= Nabnitu =

Nabnitu ("Creation") is an ancient encyclopedic work of the Old Babylonian period (c. 1800 BCE) that consists of multiple tablets. The name Nabnitu is taken from the first line of the first tablet in the series. Some of the tablets provide "scientific" names for "parts" of objects and the human body. Tablet VII lists the parts of the human hand.

Tablet XXXI seems to refer to domesticated animals. The readable part of this tablet mentions the pig and bull. Other tablets provide information concerning human actions/activities. Tablet IX is concerned with the activity of singing.

Tablet XXXII is the 32nd tablet in the series in the collections of the British Museum. It is also cited as UET VII 126 (with the excavation number U.3011). It is a lexical tablet written in Sumerian-Akkadian text from Ur.

This tablet lists the names and order of the nine strings of an unidentified musical instrument (presumed to be a horizontal harp). It, therefore, refers to the parts of a musical instrument and its construction.

The nine strings, numbered symmetrically as 1-2-3-4-5-4-3-2-1, are presented in two parallel columns, one in Sumerian and the other in Akkadian.
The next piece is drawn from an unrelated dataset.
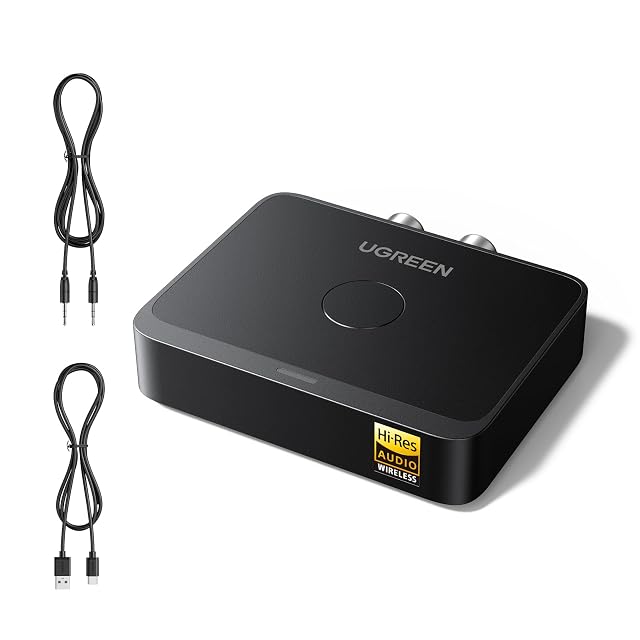Ricevitore Bluetooth 6.0 UGREEN con LDAC e uscite RCA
The table also indicates that there are "front" and "back" designations. 1-(first)-2(second)-3(front)-4(front)-5(middle)-4(back)-3(back)-2(back)-1(backmost).
Other important designations are the word "thin" and "small". The word "small" is written next to string 3 and "small" next to string 4. This means that the unidentified instrument is constructed with a high tension at the front and a low tension at the back.